### Given information
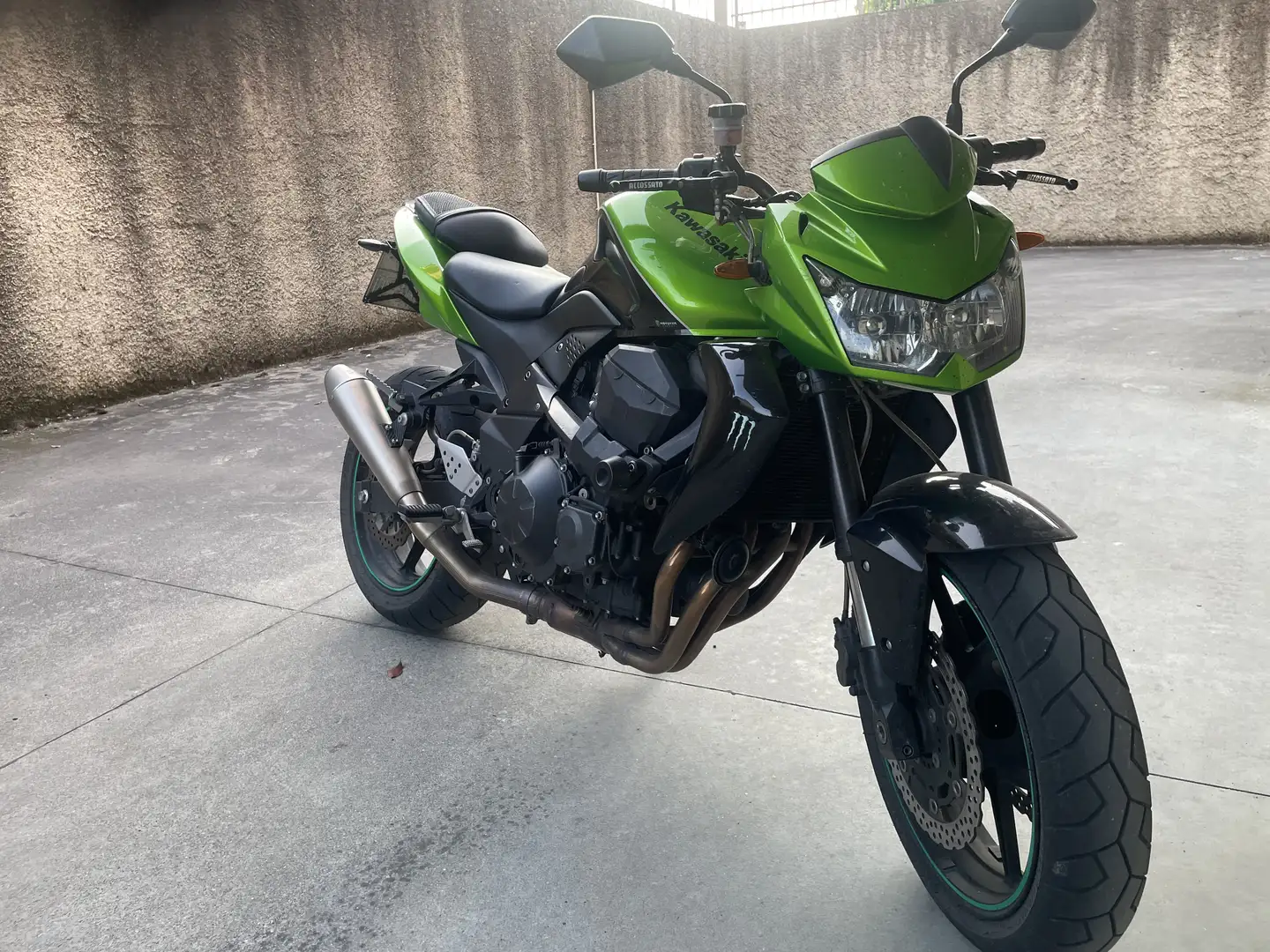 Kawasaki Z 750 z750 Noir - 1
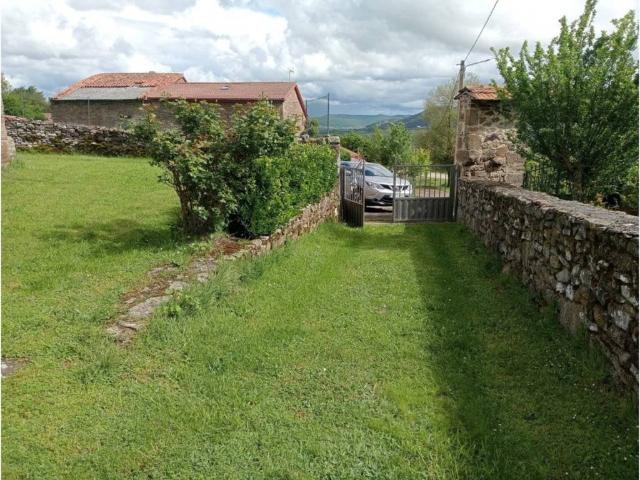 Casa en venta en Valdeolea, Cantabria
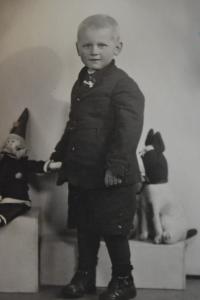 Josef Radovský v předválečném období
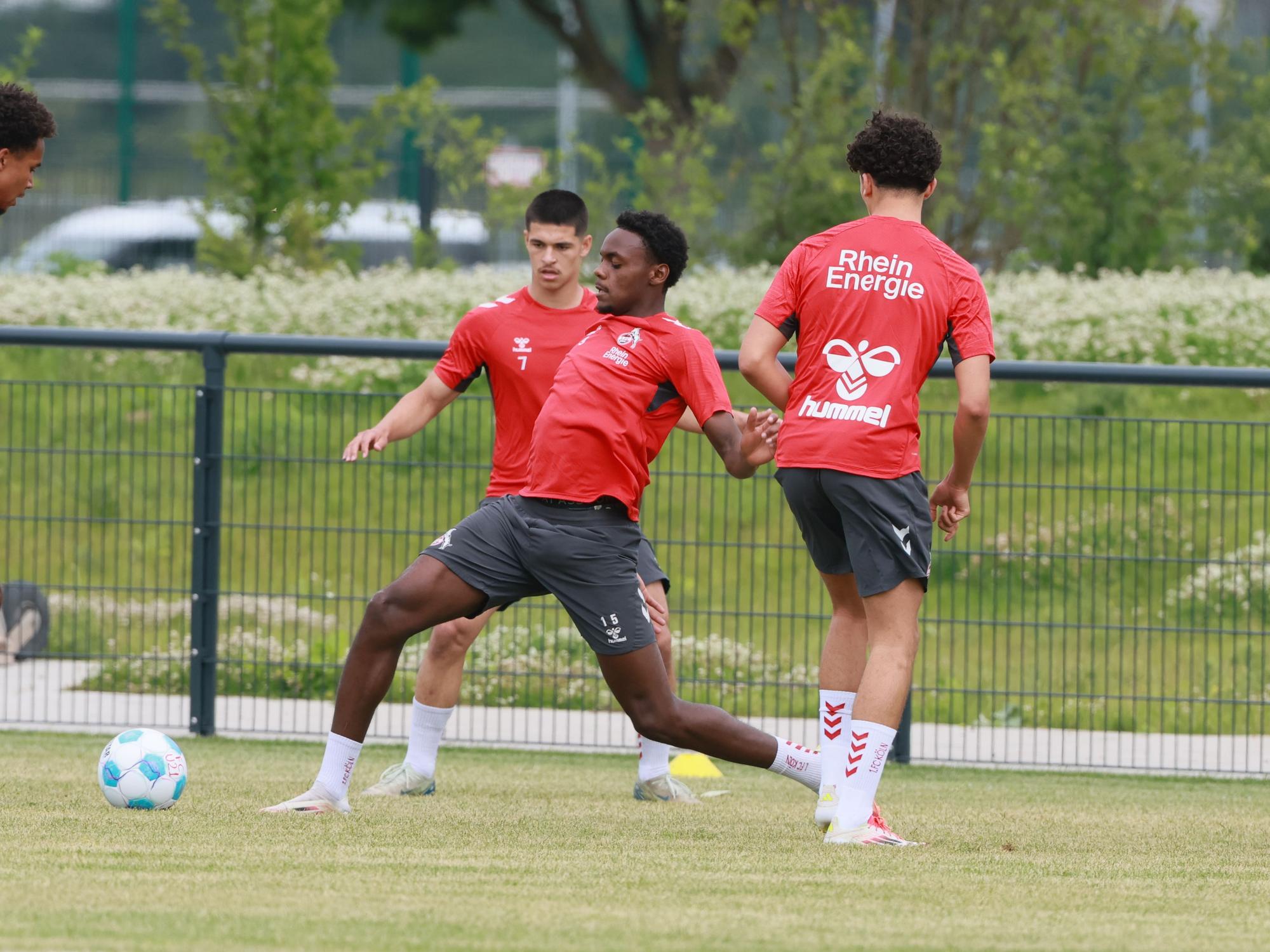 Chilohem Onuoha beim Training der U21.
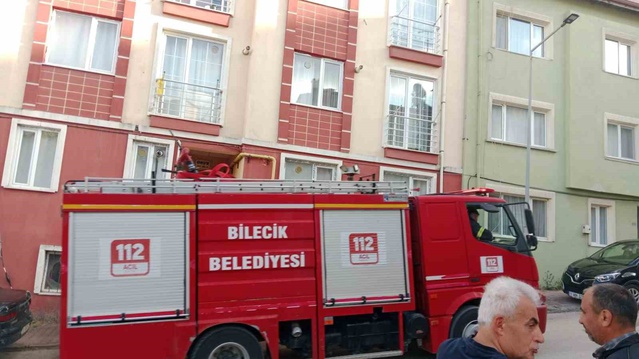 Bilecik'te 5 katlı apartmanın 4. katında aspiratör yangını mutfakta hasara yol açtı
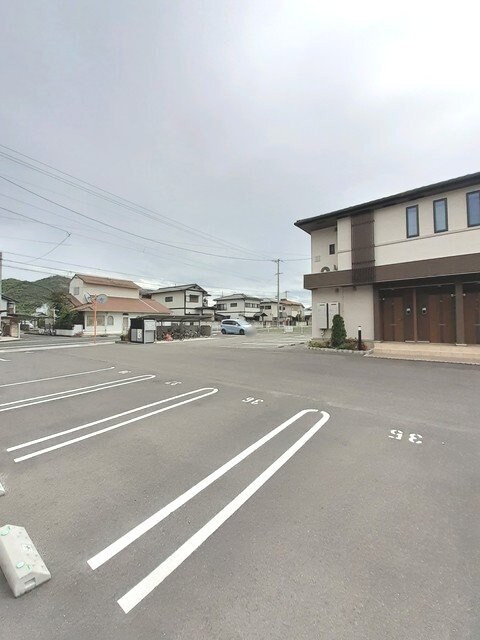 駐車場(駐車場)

### What is required
The result should be an exact repetition of all the records. Drop the pictures.

### Answer box
 Kawasaki Z 750 z750 Noir - 1
 Casa en venta en Valdeolea, Cantabria
 Josef Radovský v předválečném období
 Chilohem Onuoha beim Training der U21.
 Bilecik'te 5 katlı apartmanın 4. katında aspiratör yangını mutfakta hasara yol açtı
 駐車場(駐車場)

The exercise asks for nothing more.